Ok i got my fish some, ill tell you guys if they like it or not.


----------



## MR HARLEY (Aug 12, 2003)

They should love it ...hope it goes well


----------



## bobme (Feb 17, 2003)

Some ate it, some ate it and spit it back out. However i know they are not "very" hungry, after all, i know that they just ate 2 mid size feeders "2 - 3 inchs" and 40 feeders last night.


----------



## Reich (Oct 1, 2003)

man... ur p's sure have appetite!


----------



## MR HARLEY (Aug 12, 2003)

they'll grow to love it sooner or later ....before 40 feeders.....


----------



## KingJeff (Jul 22, 2003)

yeah i used to feed them like crazy, lol


----------



## fishofury (May 10, 2003)

I hope you can get your P's to eat beefheart.
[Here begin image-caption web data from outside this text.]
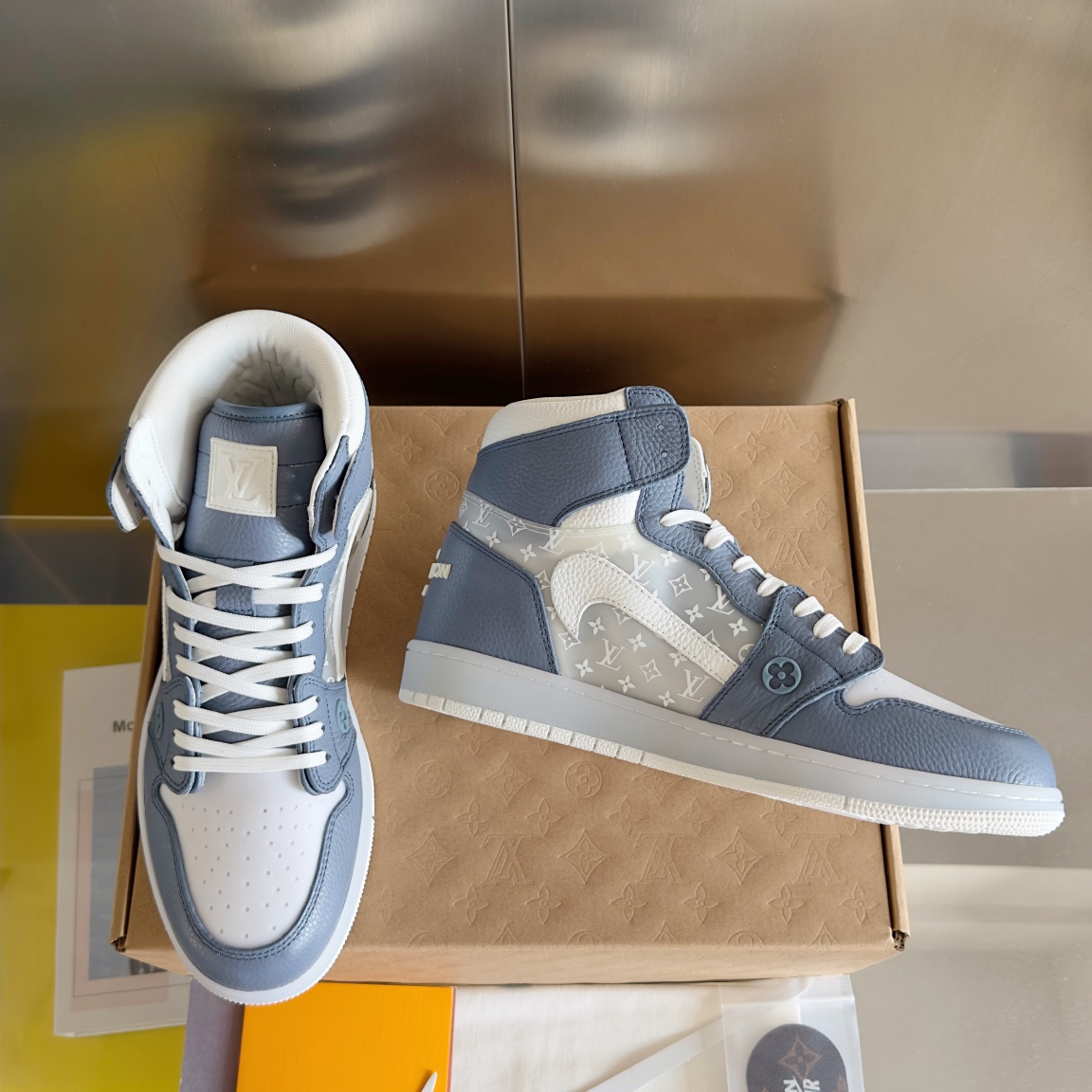 Limited Edition LV x Nike Sneakers Featuring Zirconium Elements – Top Version Summary - 图片 3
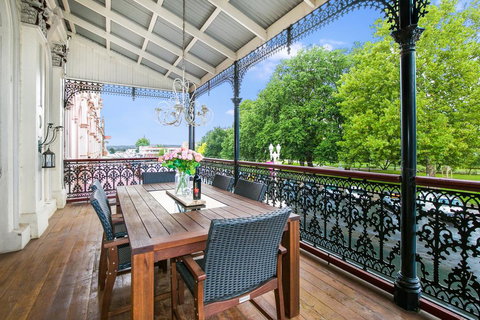 Grand & Central On George - Unique - Opulent - Accommodation Europe 0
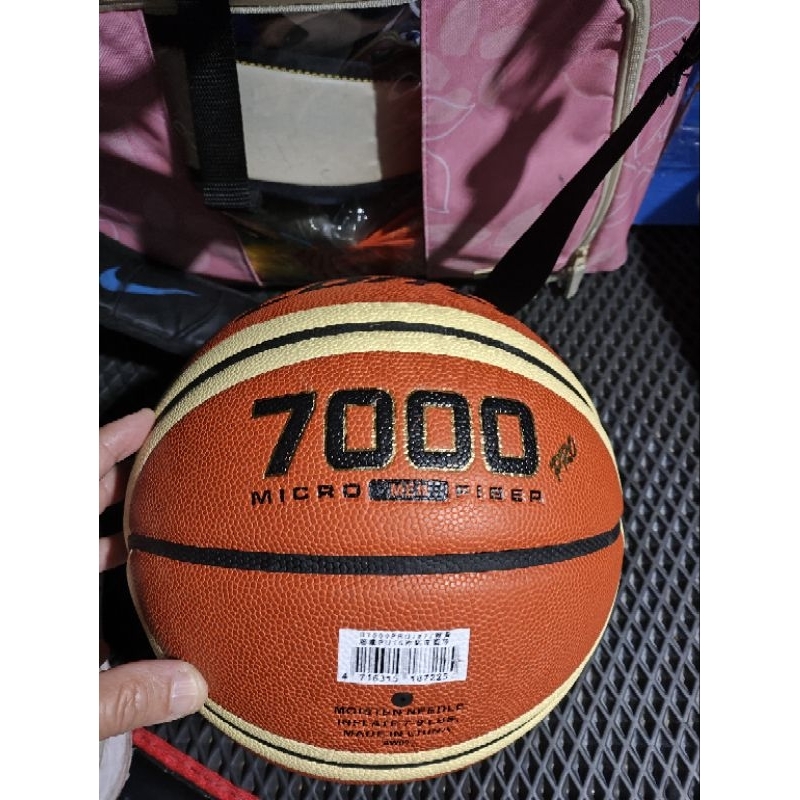 conti7000超細纖維，16片專利貼皮籃球（7號）Fiba認證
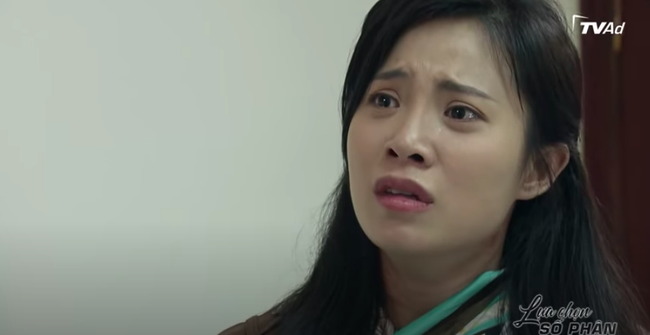 "Lựa chọn số phận": Xuất hiện thư ký xinh đẹp, khiến em trai Phương Oanh vừa gặp đã động tay động chân  - Ảnh 7.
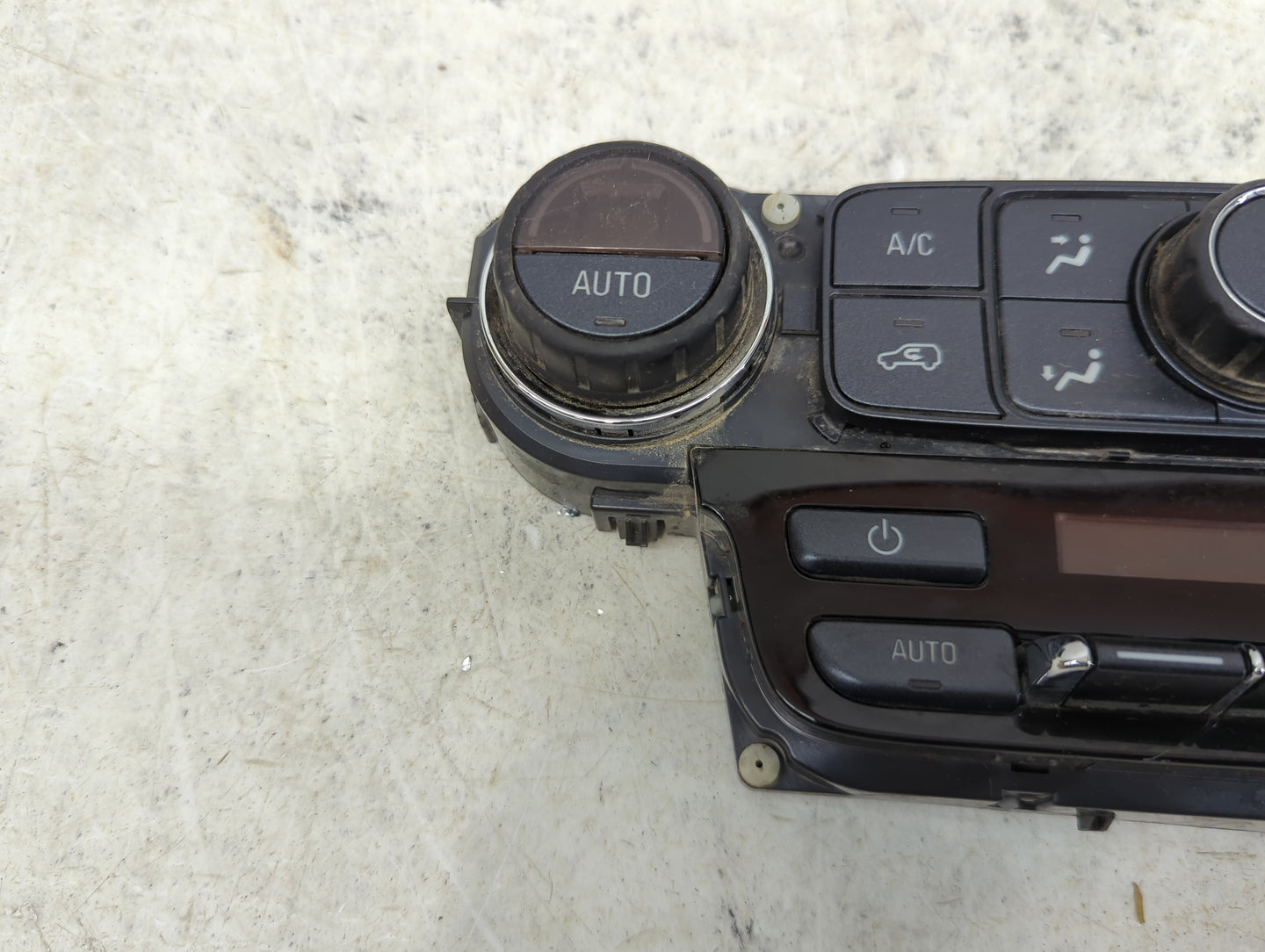 2018 Chevrolet Suburban 1500 Climate Control Module Temperature AC/Heater Replacement P/N:84258727 Fits Fits 2017 2019 2020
My P's wont touch the stuff. Good luck


----------



## Grande (Aug 28, 2003)

My rhom is not very interested in beefheart. But my roommate's RBP's love's it!


----------



## Grosse Gurke (Jan 3, 2003)

My pygos would eat it but my serras wouldnt so I just quit feeding it.


----------



## bozley (Mar 12, 2003)

my reds won't have much to do with it. I end up netting it back out!


----------



## vlahos (Sep 7, 2003)

should work great for you


----------



## o snap its eric (Feb 19, 2003)

starve then and they will eat anything


----------



## KingJeff (Jul 22, 2003)

yeah starve them theyll eat nething. thats how i got them to eat pellets.


----------